H-4 and L-2 nonimmigrant visa holders are the derivative spouses and children of H-1B or L-1 nonimmigrant visa holders. When an H-1B or L-1 visa holder submits their Form I-129, Petition for a Nonimmigrant Worker, their respective H-4 or L-2 derivatives may concurrently file Form I-539, Application To Extend/Change Nonimmigrant Status and, in certain instances, Form I-765, Application for Employment Authorization. In the not-so-distant past, USCIS would adjudicate these H-1B and H-4 or L-1 and L-2 cases at the same time, so long as they were properly filed together. This meant that, depending on whether premium processing was used, USCIS would make a decision on these jointly filed cases within approximately 15 days to four months. However, in March 2019 USCIS made a drastic policy change that resulted in the separate adjudication of I-539 and I-765 applications from the underlying I-129 petitions. As a direct consequence of this policy decision, the processing times for H-4 and L-2 I-539 and I-765 applications ballooned to up to two years in some cases. These massive processing delays meant that H-4 and L-2 spouses were in immigration limbo and unable to work in the United States.
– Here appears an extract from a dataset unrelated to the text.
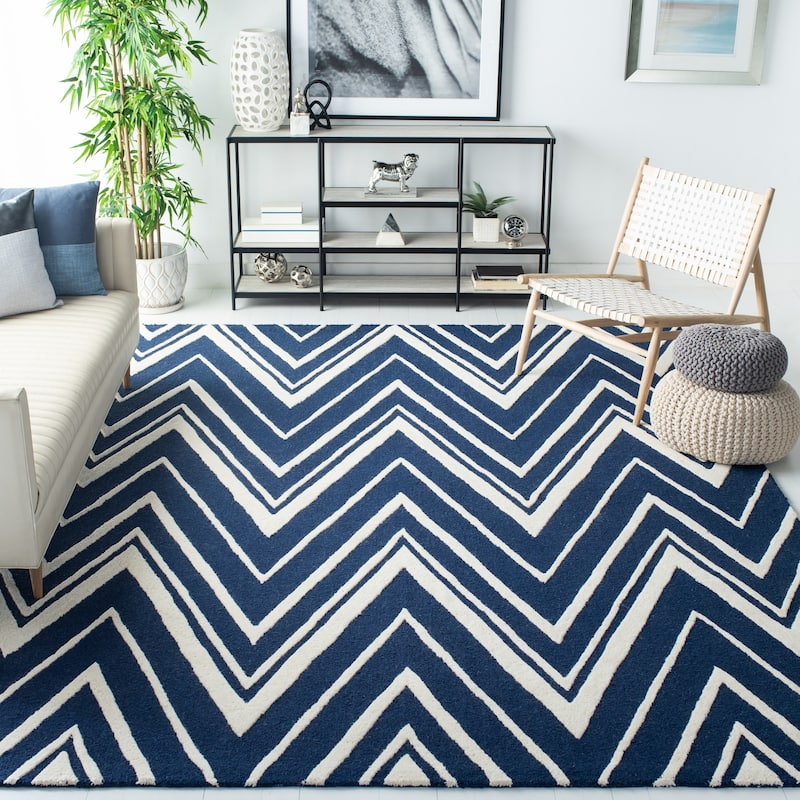 SAFAVIEH Handmade Cambridge Fumiko Modern Moroccan Wool Rug - 8' x 10' - Navy/Ivory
In response to these unprecedented processing delays, the Edakunni lawsuit was filed against the DHS in the Spring of 2021. The Plaintiffs’ primary goal was to have USCIS return to joint adjudication by reversing the policy that de-coupled H-4 or L-2 applications from concurrently filed H-1B or L-1 petitions. After almost two years of litigation, the Plaintiffs achieved their goal and signed a settlement agreement with the government in which USCIS agreed to return to bundling its adjudication of Forms I-539 and I-765 for H-4 and L-2 derivatives if submitted at the same time as a properly filed I-129. It is important to stress that this bundled adjudication will only occur if the I-539 and I-765 are filed concurrently with the underlying I-129. In effect, this return to bundled adjudication means that regardless of whether an H-1B or L-1 petition is filed under premium processing (adjudication within 15 calendar days) or regular processing, starting on January 25, 2023, H and L families should start receiving a decision on their cases from USCIS at the same time.